Work required: Omit the images and retype the records verbatim.

Input data:

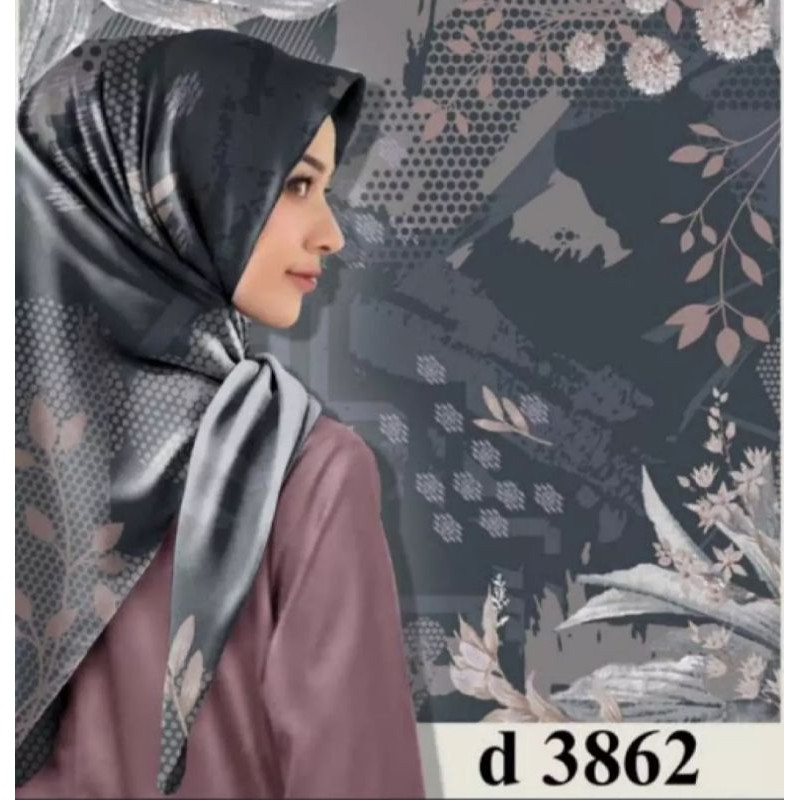 Hijab segi empat motif bunga / Kerudung voal premium / Tunik / HIJAB / Kerudung terbaru 2021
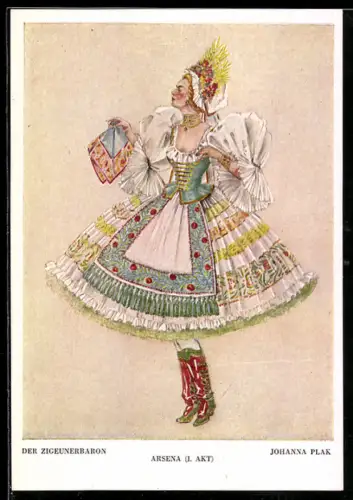Künstler-AK sign. Johanna Plak: Der Zigeunerbaron, Arsena, I. Akt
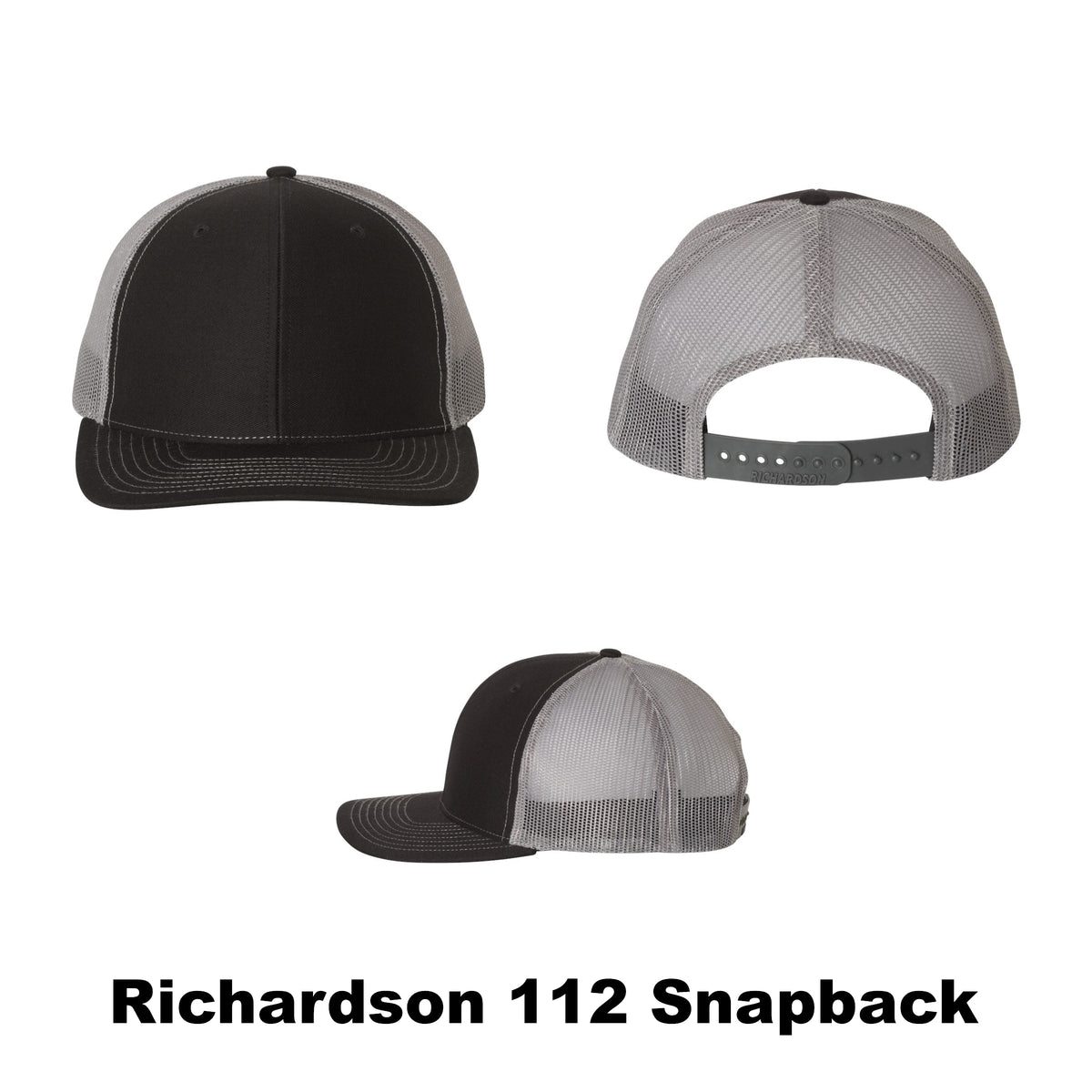 Blank Richardson 112 snapback trucker hat, black on gray color combination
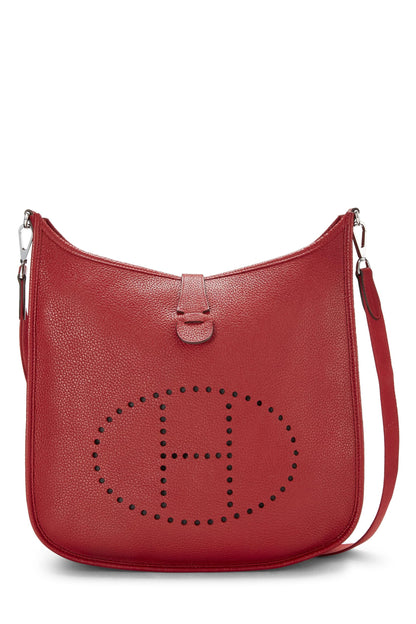 Hermès, Pre-Loved Red Clemence Evelyne III GM, Red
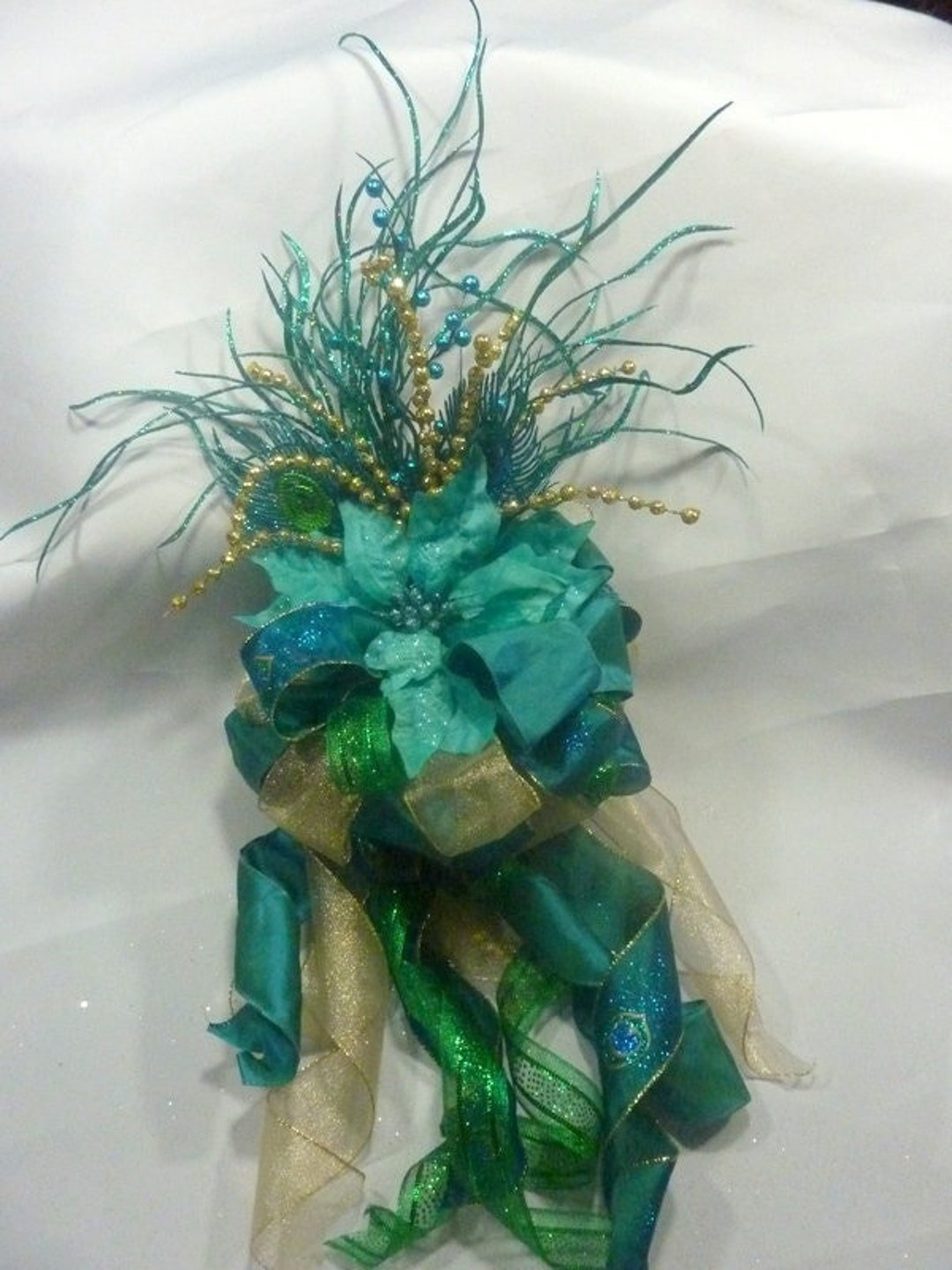 Peacock Ribbon Tree Topper Bow Tree Topper Etsy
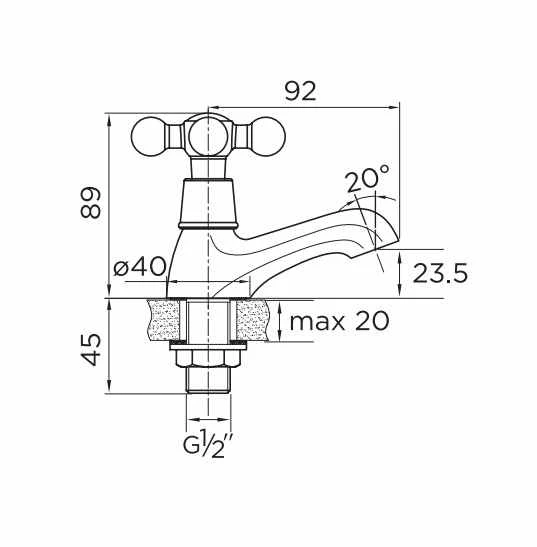 Niagara Kingsbury Traditional Basin Pillar Taps - Pair - Image 2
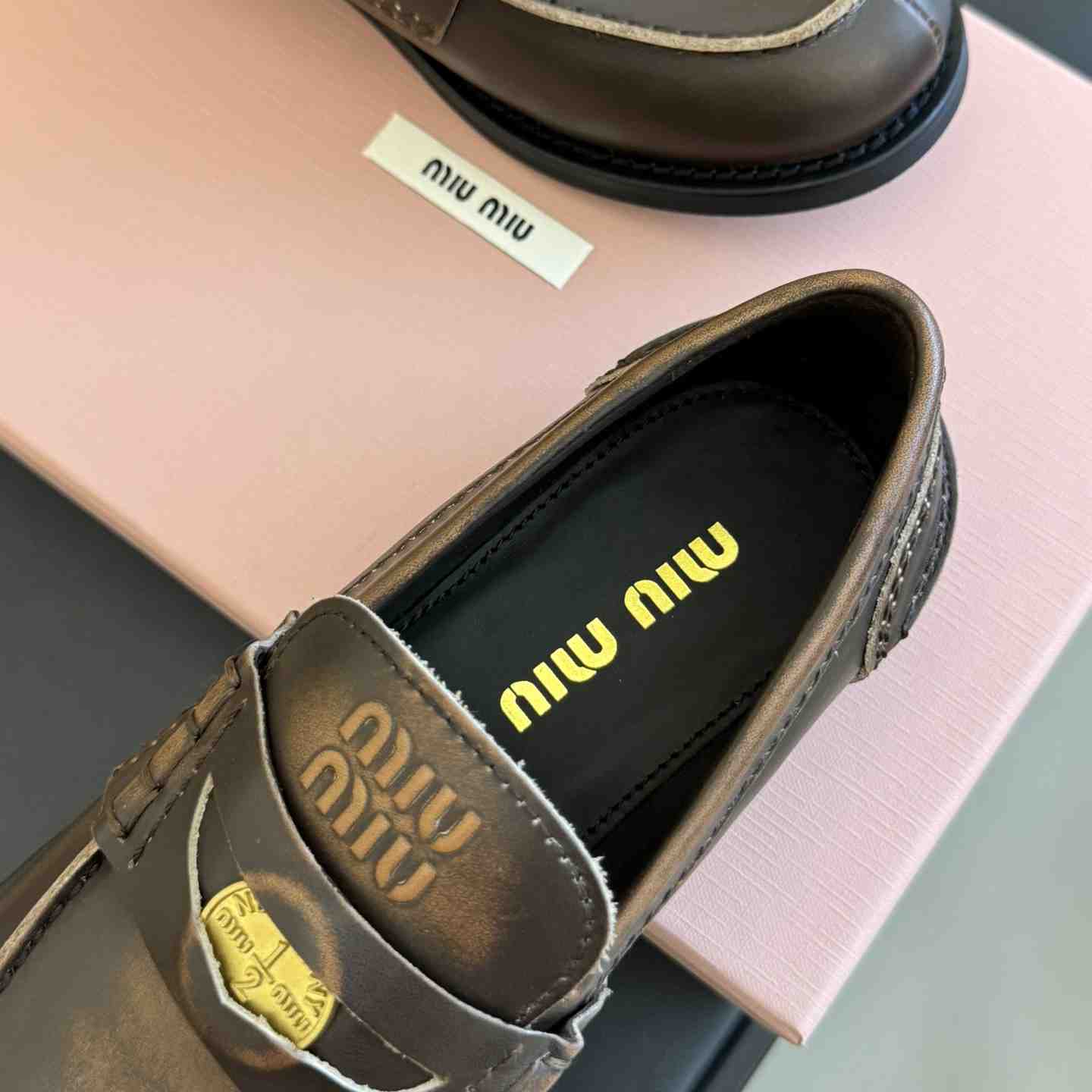 Miu Miu Vintage-effect Leather Penny Loafers - FashionPlug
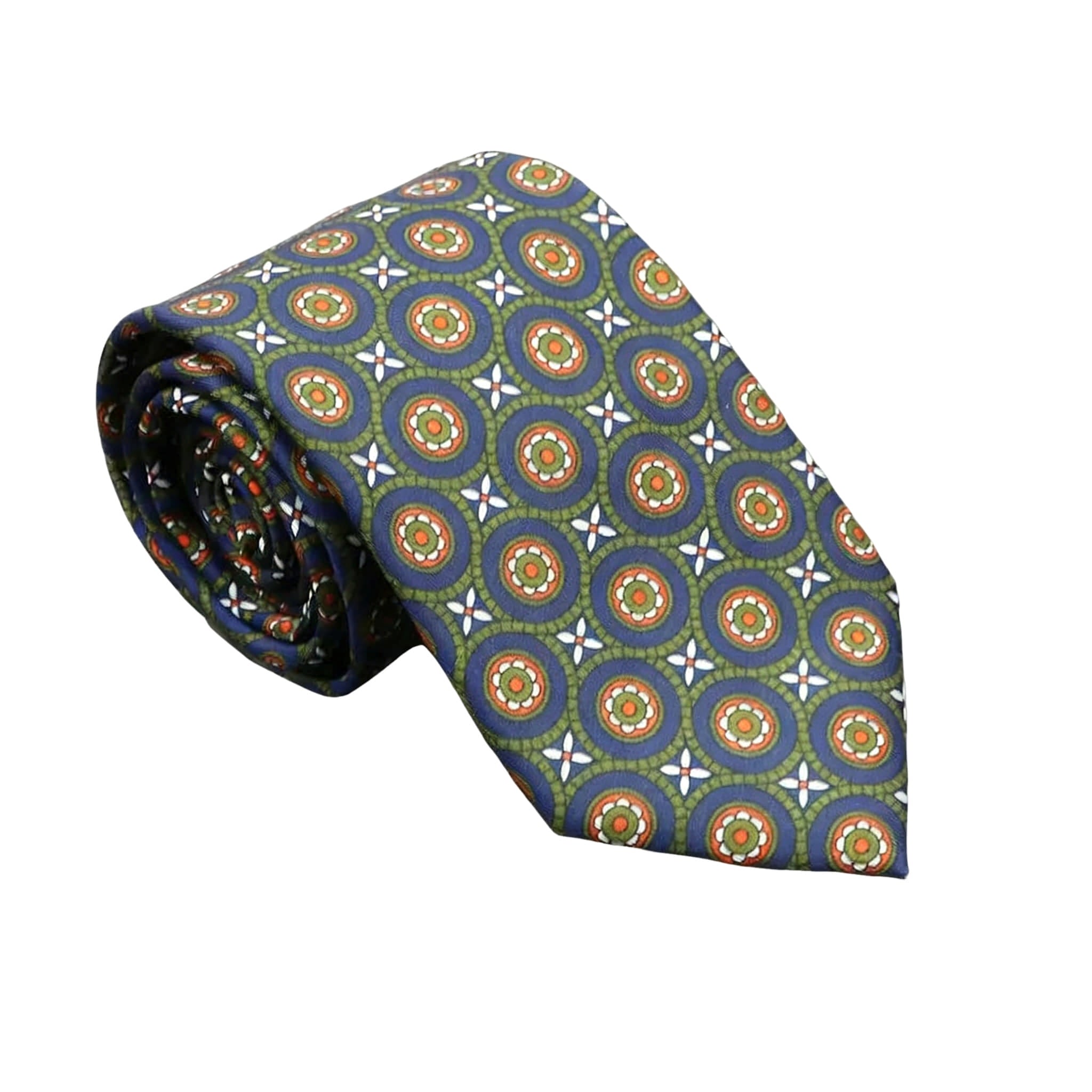 Dark Blue With Green-Orange Medallion Necktie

Finished task:
 Hijab segi empat motif bunga / Kerudung voal premium / Tunik / HIJAB / Kerudung terbaru 2021
Künstler-AK sign. Johanna Plak: Der Zigeunerbaron, Arsena, I. Akt
 Blank Richardson 112 snapback trucker hat, black on gray color combination
 Hermès, Pre-Loved Red Clemence Evelyne III GM, Red
 Peacock Ribbon Tree Topper Bow Tree Topper Etsy
 Niagara Kingsbury Traditional Basin Pillar Taps - Pair - Image 2
 Miu Miu Vintage-effect Leather Penny Loafers - FashionPlug
 Dark Blue With Green-Orange Medallion Necktie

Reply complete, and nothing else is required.